(Short web captions)
# # # # # # #

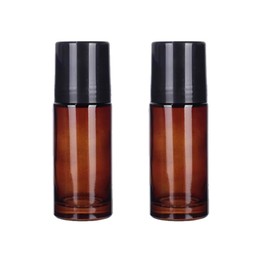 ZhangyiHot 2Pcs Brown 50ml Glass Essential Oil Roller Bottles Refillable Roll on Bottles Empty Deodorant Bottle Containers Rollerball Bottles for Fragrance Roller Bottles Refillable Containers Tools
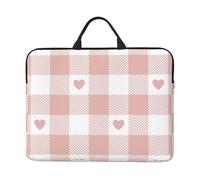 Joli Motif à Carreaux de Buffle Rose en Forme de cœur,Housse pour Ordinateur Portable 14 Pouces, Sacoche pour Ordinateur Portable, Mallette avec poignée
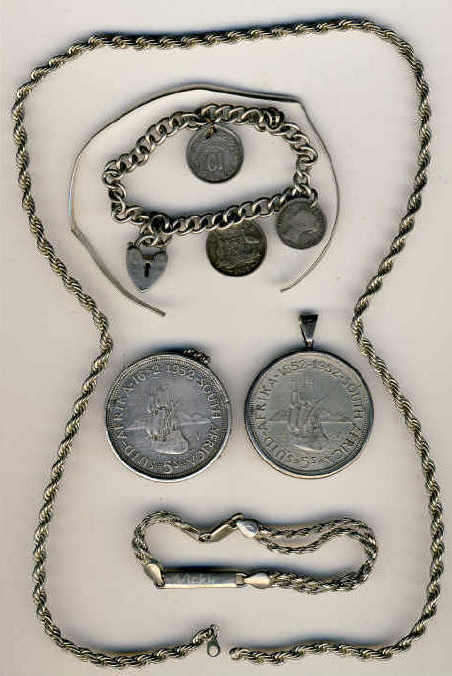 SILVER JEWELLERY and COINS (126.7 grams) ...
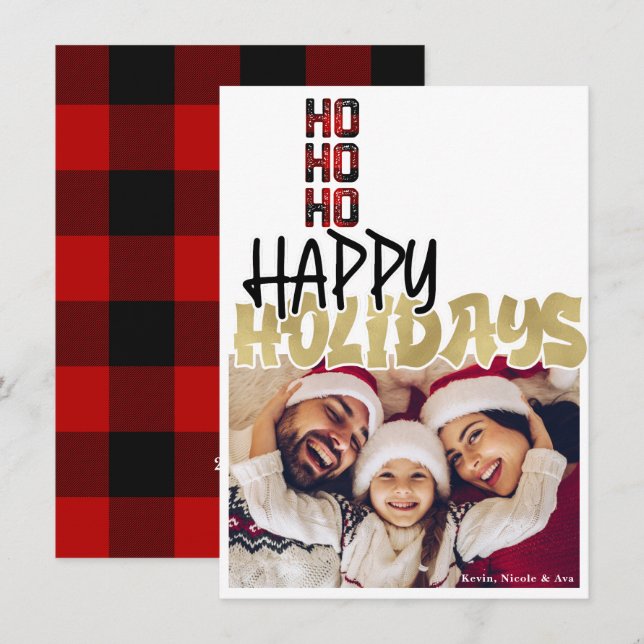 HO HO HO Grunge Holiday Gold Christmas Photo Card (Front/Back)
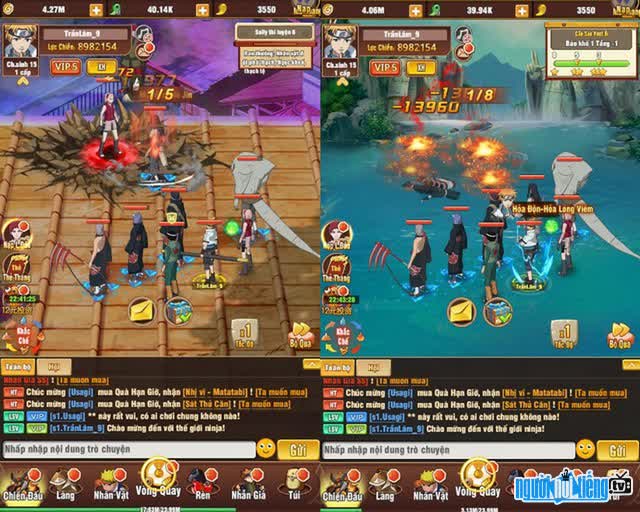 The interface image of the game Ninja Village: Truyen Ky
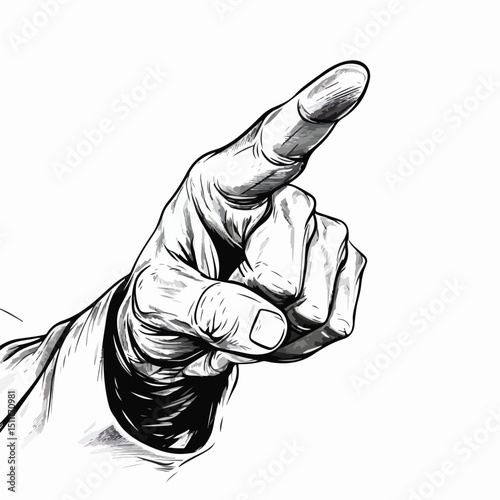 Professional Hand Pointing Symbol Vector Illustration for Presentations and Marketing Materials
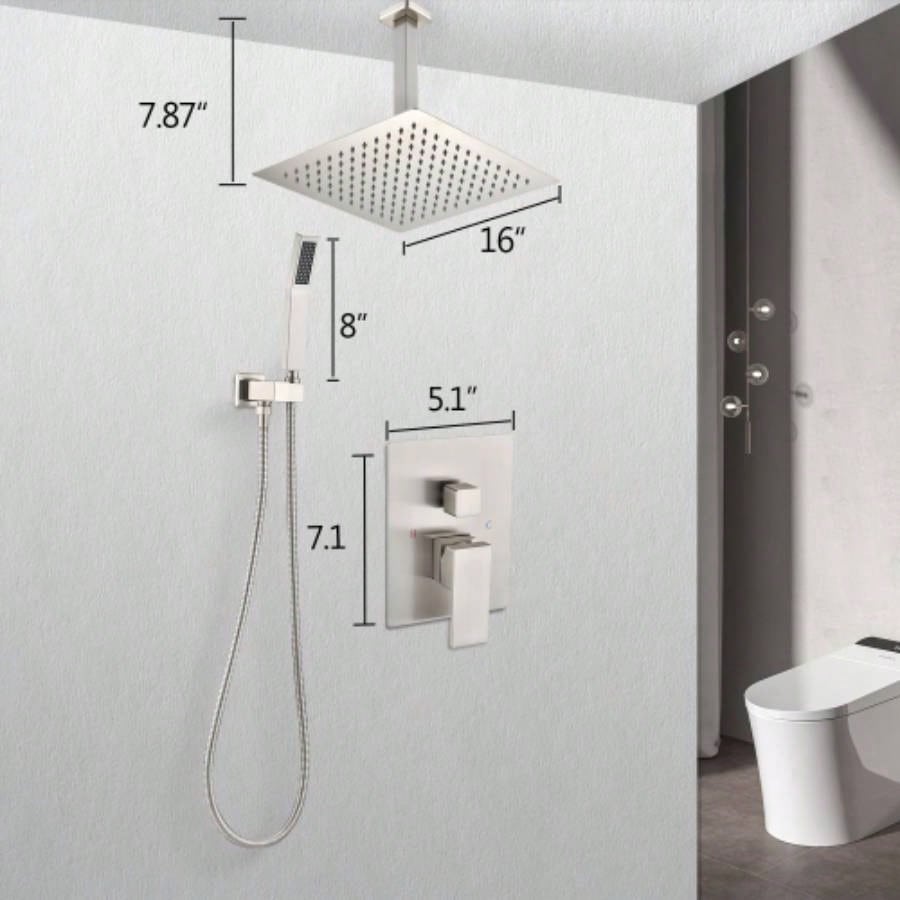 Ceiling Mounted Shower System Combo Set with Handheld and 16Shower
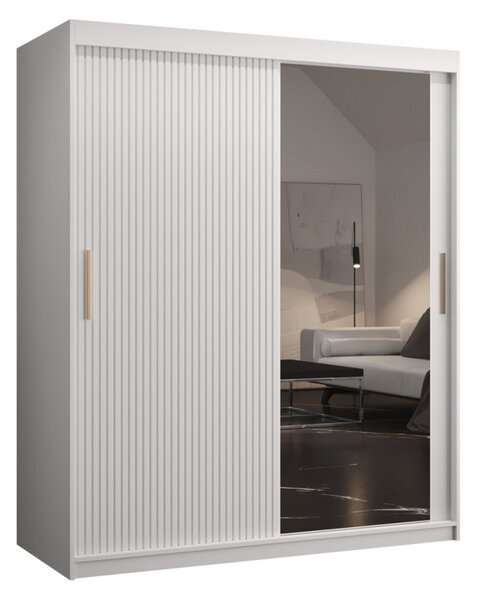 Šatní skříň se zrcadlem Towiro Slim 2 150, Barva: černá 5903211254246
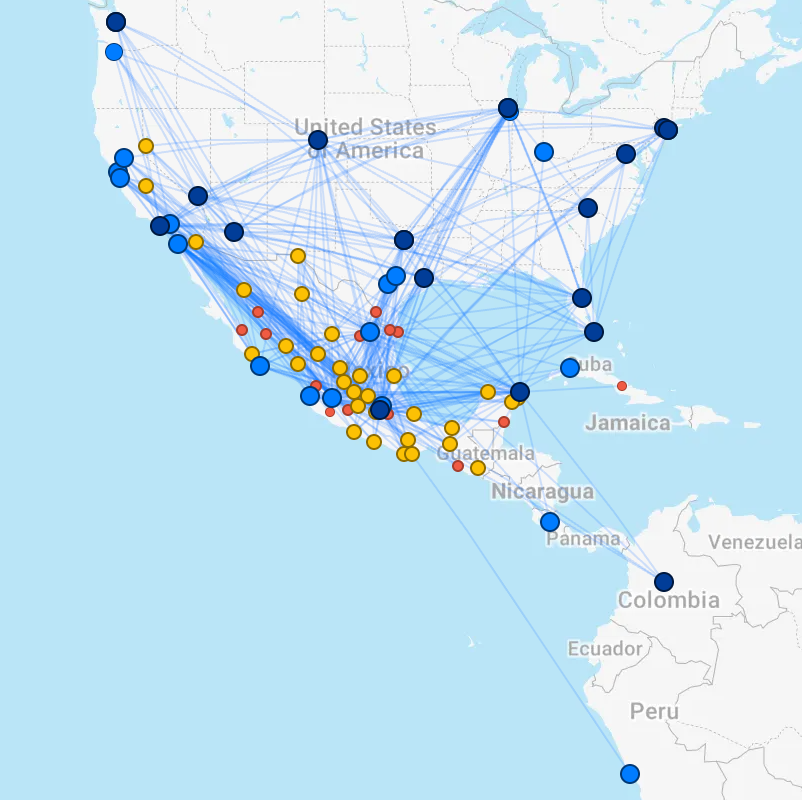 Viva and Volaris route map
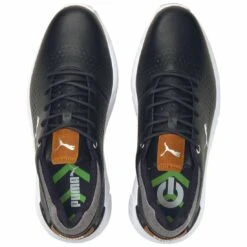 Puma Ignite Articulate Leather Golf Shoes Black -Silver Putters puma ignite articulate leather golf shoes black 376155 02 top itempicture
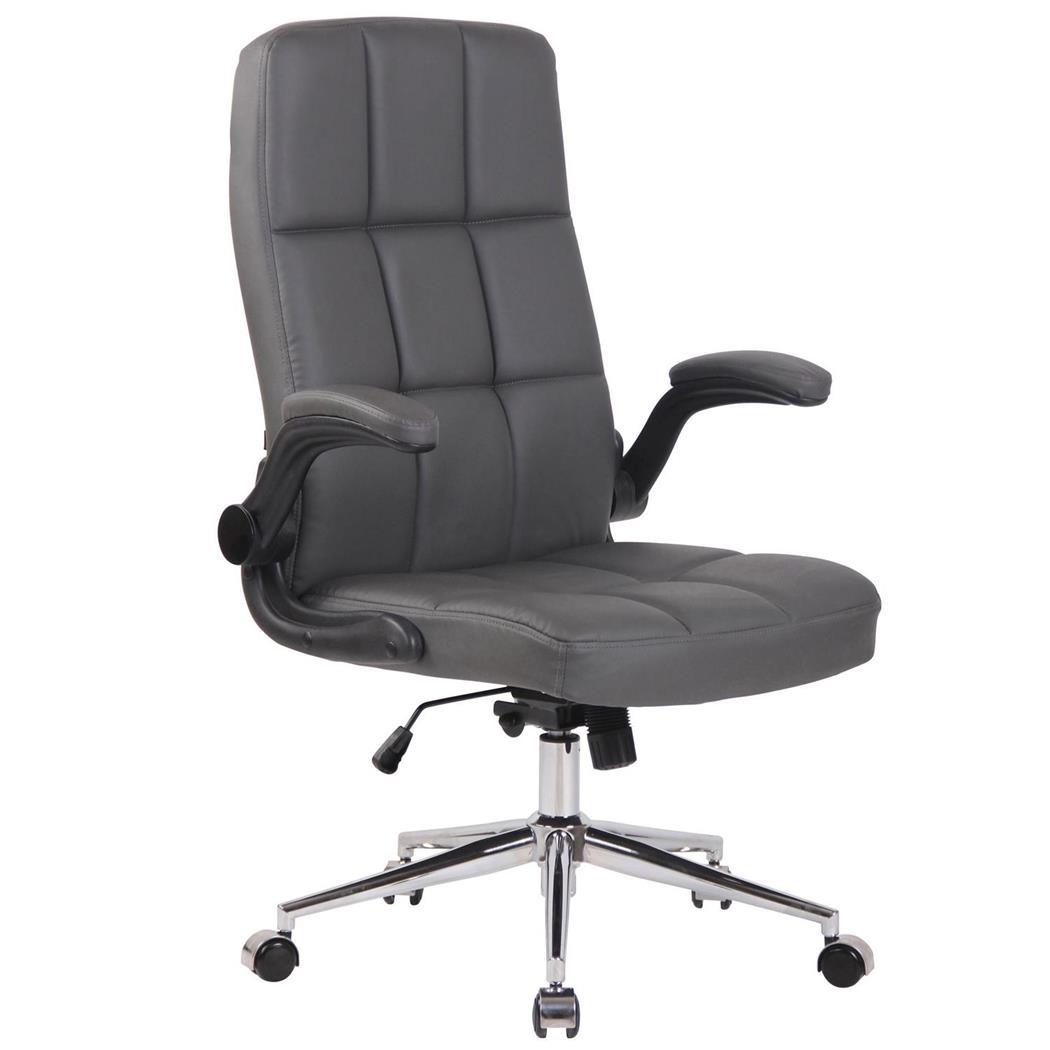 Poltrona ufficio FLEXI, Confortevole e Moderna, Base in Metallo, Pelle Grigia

# # # # # # #

# REQUIRED ACTION
Above are the records; copy every one of them exactly and omit the images.

# YOUR RESPONSE
 ZhangyiHot 2Pcs Brown 50ml Glass Essential Oil Roller Bottles Refillable Roll on Bottles Empty Deodorant Bottle Containers Rollerball Bottles for Fragrance Roller Bottles Refillable Containers Tools
 Joli Motif à Carreaux de Buffle Rose en Forme de cœur,Housse pour Ordinateur Portable 14 Pouces, Sacoche pour Ordinateur Portable, Mallette avec poignée
 SILVER JEWELLERY and COINS (126.7 grams) ...
 HO HO HO Grunge Holiday Gold Christmas Photo Card (Front/Back)
 The interface image of the game Ninja Village: Truyen Ky
 Professional Hand Pointing Symbol Vector Illustration for Presentations and Marketing Materials
 Ceiling Mounted Shower System Combo Set with Handheld and 16Shower
 Šatní skříň se zrcadlem Towiro Slim 2 150, Barva: černá 5903211254246
 Viva and Volaris route map
 Puma Ignite Articulate Leather Golf Shoes Black -Silver Putters puma ignite articulate leather golf shoes black 376155 02 top itempicture
 Poltrona ufficio FLEXI, Confortevole e Moderna, Base in Metallo, Pelle Grigia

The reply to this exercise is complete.